**Directions for this task**: Since only the words are wanted, reproduce every entry exactly and leave the images behind.
*** Begin section ***
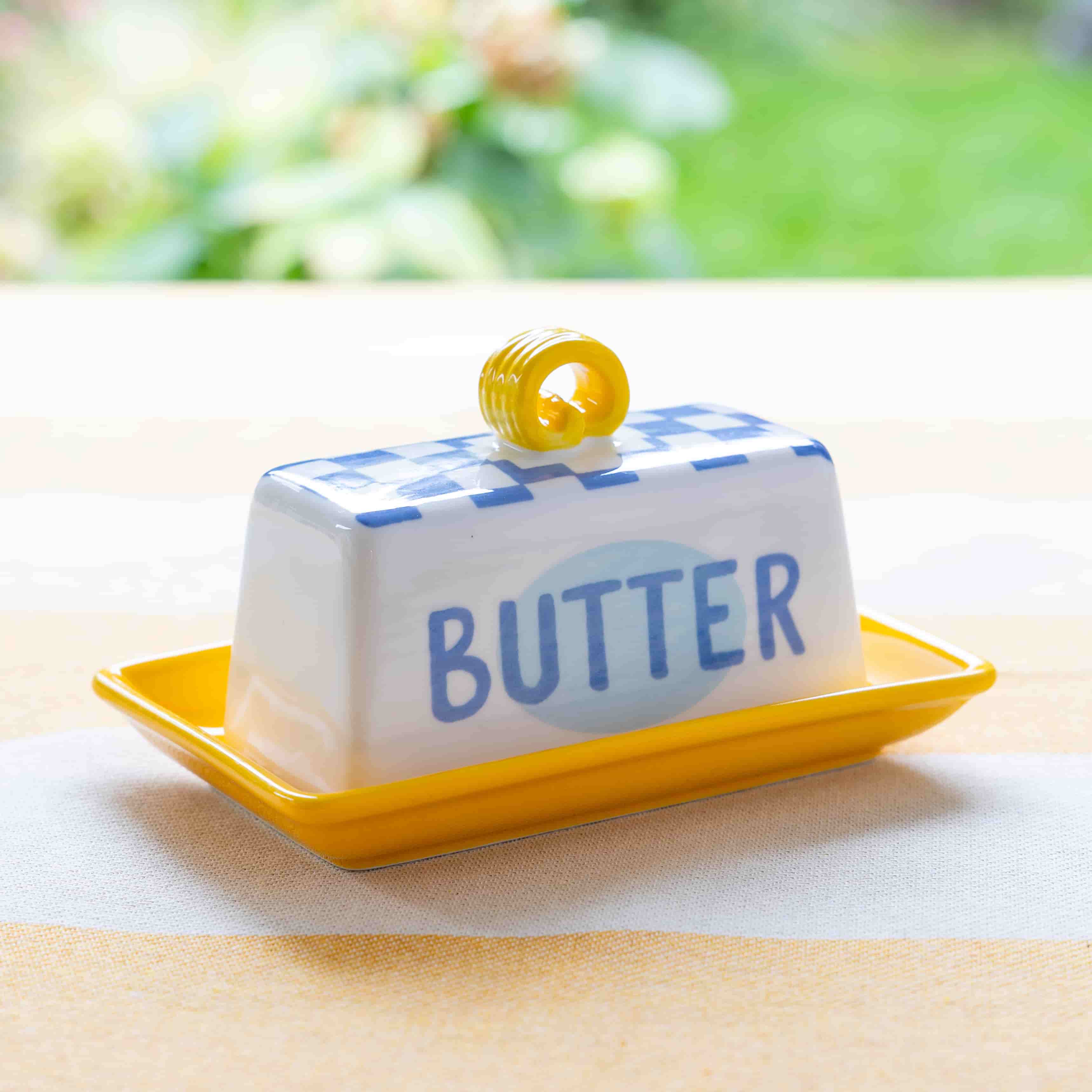Blue Checkered Small Butter Dish - Image 3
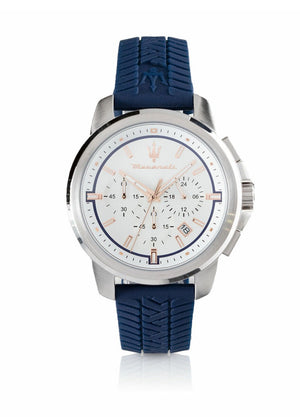 Maserati Successo Chronograph White Dial Blue Rubber Strap Watch For Men - R8871621013 Buy Now By Maserati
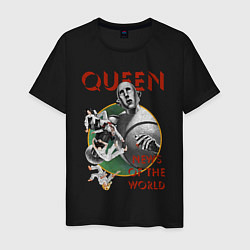 Футболка хлопковая мужская Queen News of the World, цвет: черный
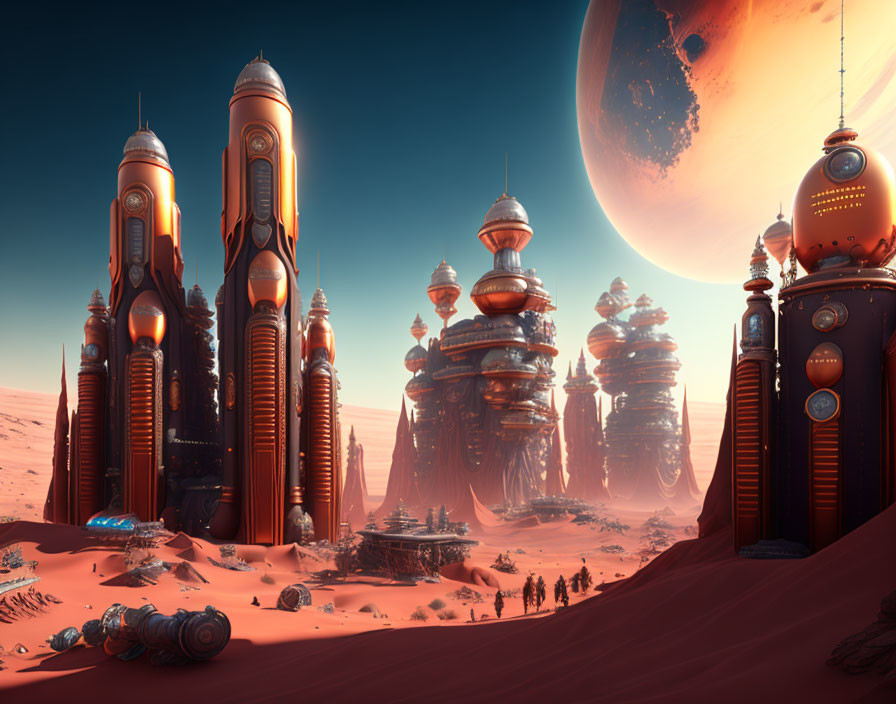 Futuristic alien cityscape with towering buildings and advanced technology in desert environment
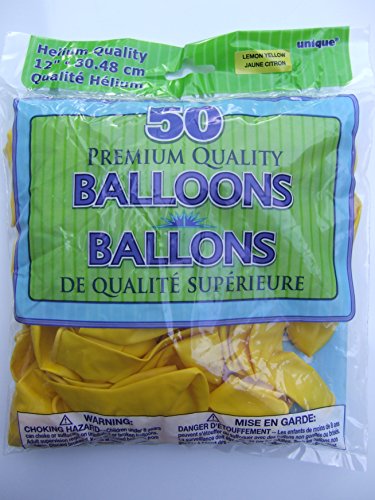 Unique Party-56844 Globos de Látex de 30 cm, color amarillo (lemon yellow), pack de 50 (56844)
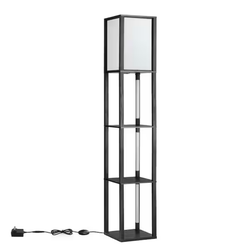 64.2 in. Black 4-Light LED Dimmable Column Floor Lamp for Living Room with Shelves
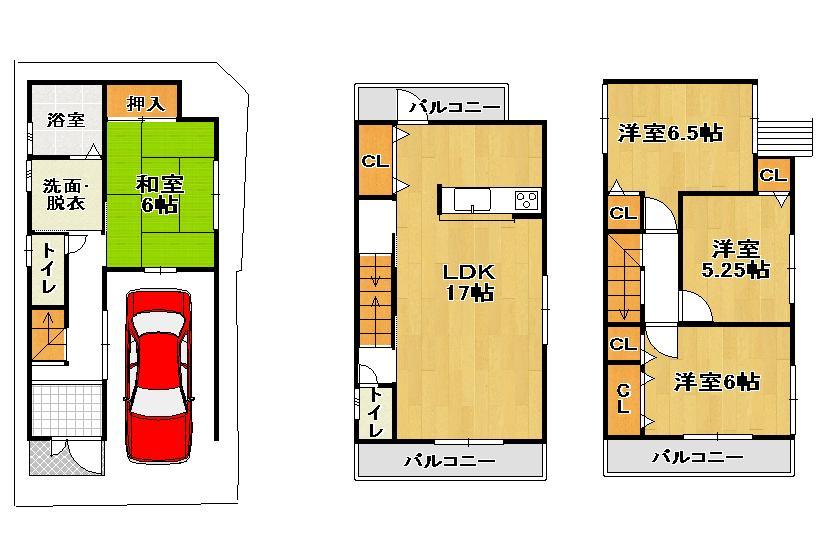 Floor plan. 31,800,000 yen, 3LDK, Land area 62.97 sq m , 4LDK of building area 111.63 sq m room ・ The first floor of the Japanese-style room is I am happy. Moreover, it is the closet (1 between) with.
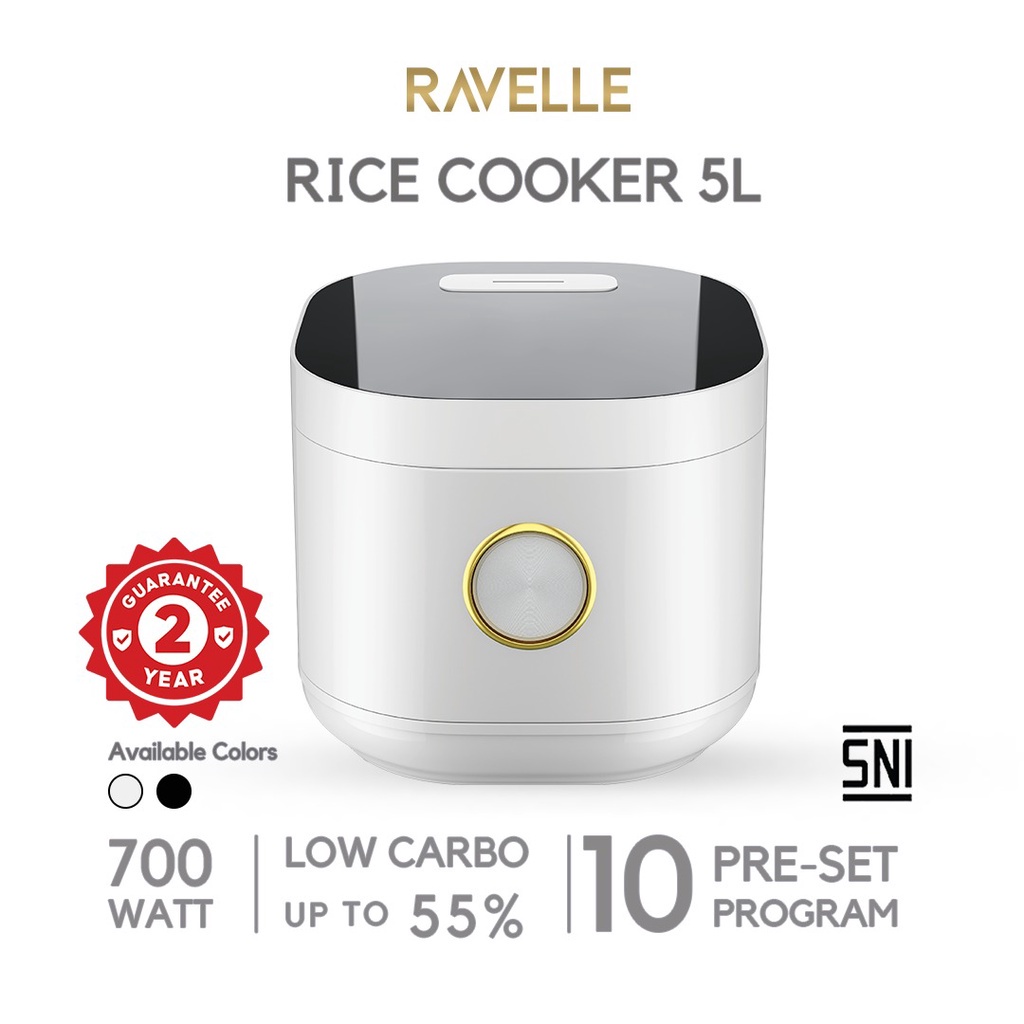 RAVELLE Rice Cooker Digital Low Carbo 5L- Penanak Nasi - Low Watt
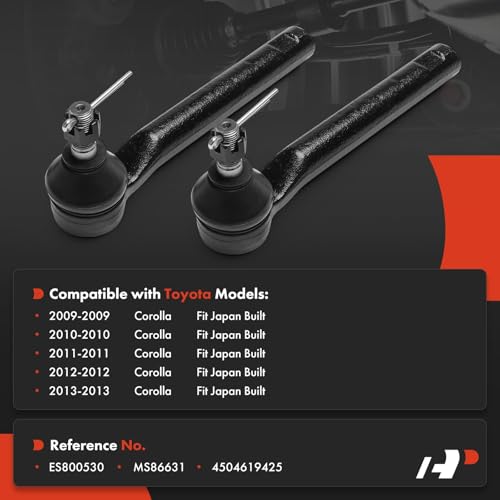 A-Premium 2 x Front Outer Tie Rod Ends, Compatible with Toyota Corolla 2009 2010 2011 2012 2013 by A-premium - Image 2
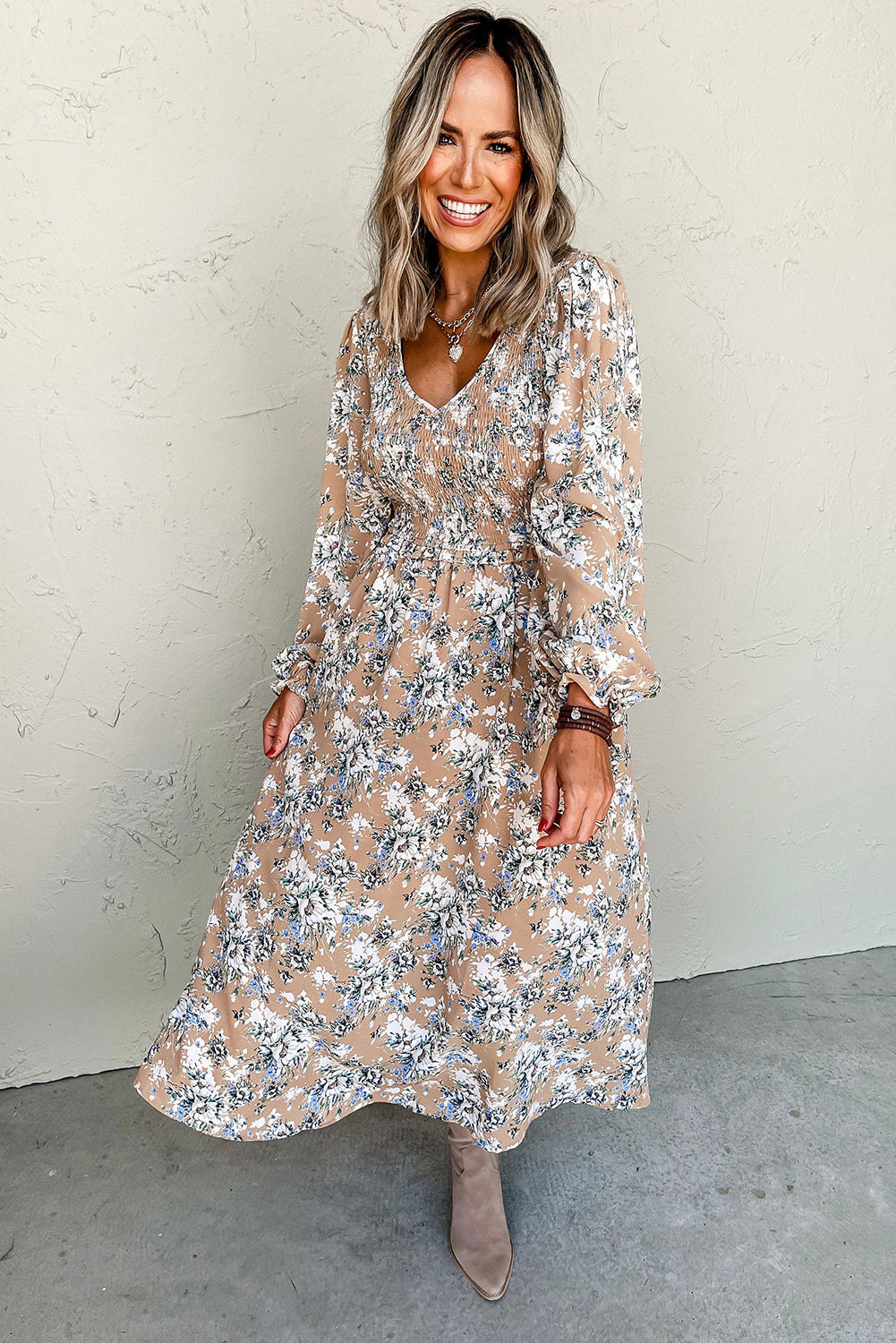 Khaki Maple Grove Floral Smocked Puff Sleeve Long Dress eAura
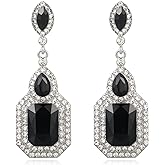 Vintage Rhinestone Dangle Statement Earrings Colorful Long Crystal Dangling Drop Earring for Women Formal Wedding Prom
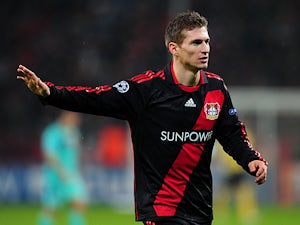Leverkusen's Daniel Schwaab in action on February 14, 2012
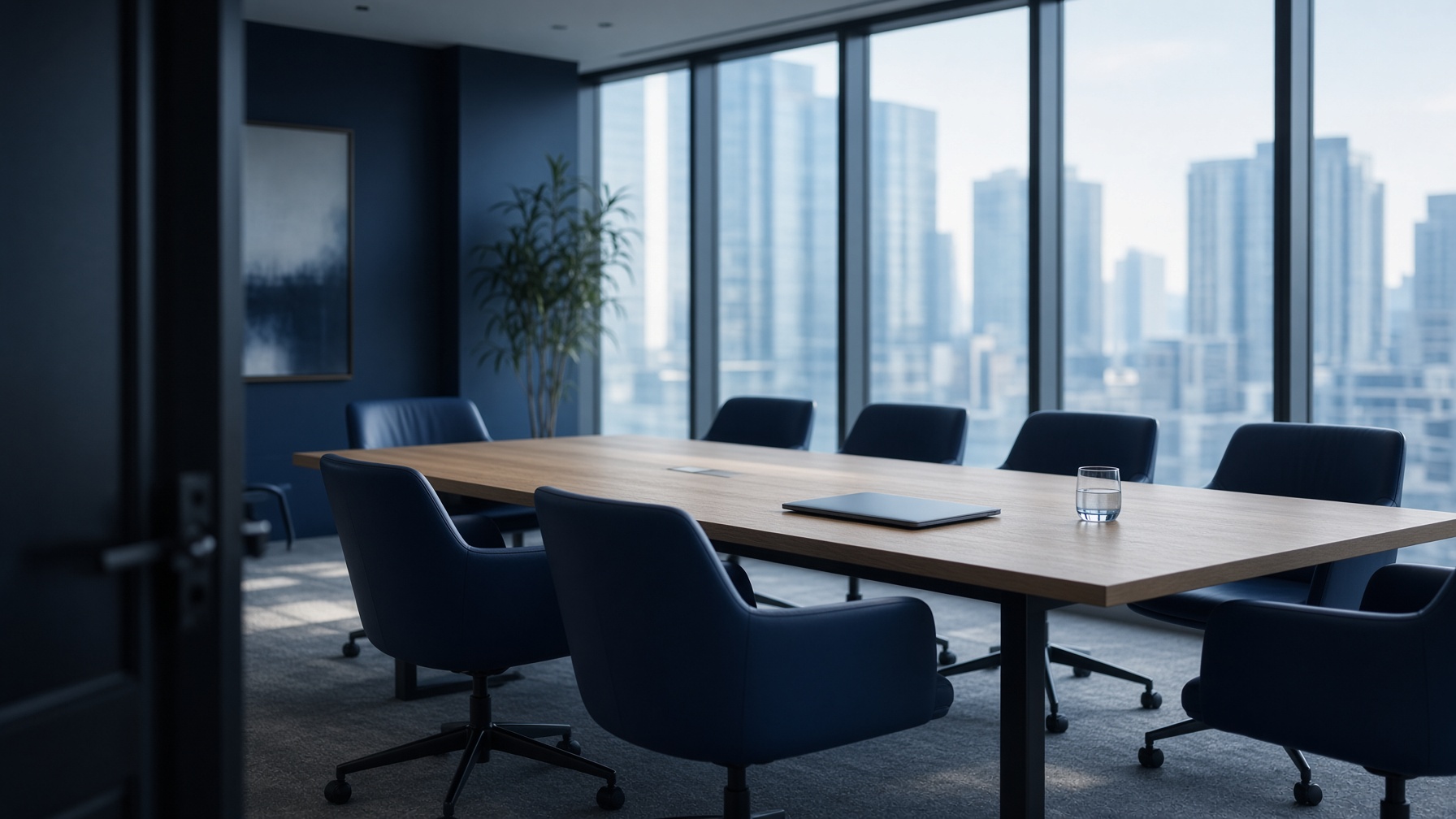 A quiet boardroom with an oak table and navy chairs.
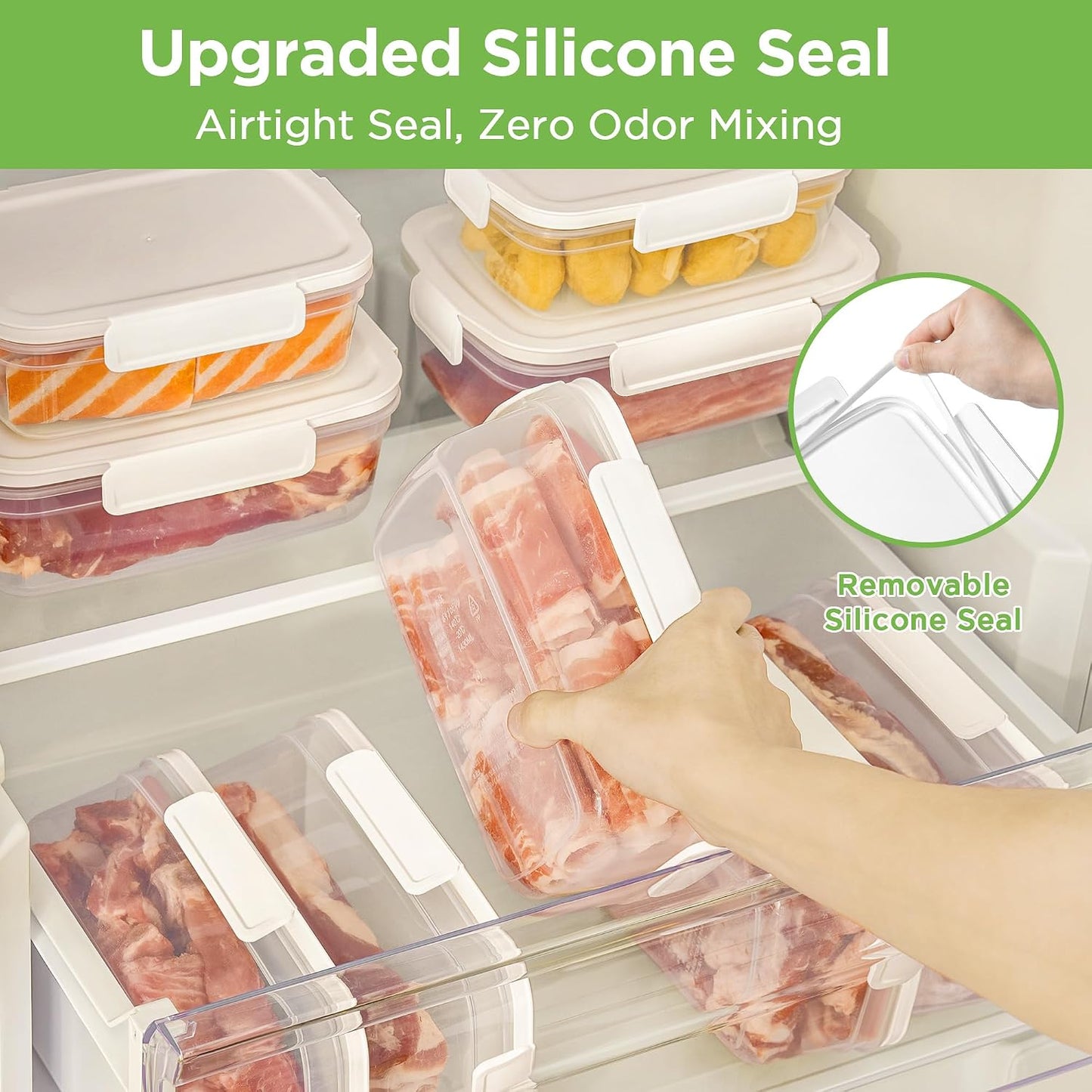 10-Pack Food Storage Containers with Airtight Leakproof Lids, BPA-Free Meal Prep Containers for Microwave/Dishwasher/Freezer, Green, 47.3oz Each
*** End section ***
**Worked solution**:
Blue Checkered Small Butter Dish - Image 3
 Maserati Successo Chronograph White Dial Blue Rubber Strap Watch For Men - R8871621013 Buy Now By Maserati
 Футболка хлопковая мужская Queen News of the World, цвет: черный
 Futuristic alien cityscape with towering buildings and advanced technology in desert environment
 Unique Party-56844 Globos de Látex de 30 cm, color amarillo (lemon yellow), pack de 50 (56844)
 64.2 in. Black 4-Light LED Dimmable Column Floor Lamp for Living Room with Shelves
 Floor plan. 31,800,000 yen, 3LDK, Land area 62.97 sq m , 4LDK of building area 111.63 sq m room ・ The first floor of the Japanese-style room is I am happy. Moreover, it is the closet (1 between) with.
 RAVELLE Rice Cooker Digital Low Carbo 5L- Penanak Nasi - Low Watt
 A-Premium 2 x Front Outer Tie Rod Ends, Compatible with Toyota Corolla 2009 2010 2011 2012 2013 by A-premium - Image 2
 Khaki Maple Grove Floral Smocked Puff Sleeve Long Dress eAura
 Vintage Rhinestone Dangle Statement Earrings Colorful Long Crystal Dangling Drop Earring for Women Formal Wedding Prom
Leverkusen's Daniel Schwaab in action on February 14, 2012
 A quiet boardroom with an oak table and navy chairs.
 10-Pack Food Storage Containers with Airtight Leakproof Lids, BPA-Free Meal Prep Containers for Microwave/Dishwasher/Freezer, Green, 47.3oz Each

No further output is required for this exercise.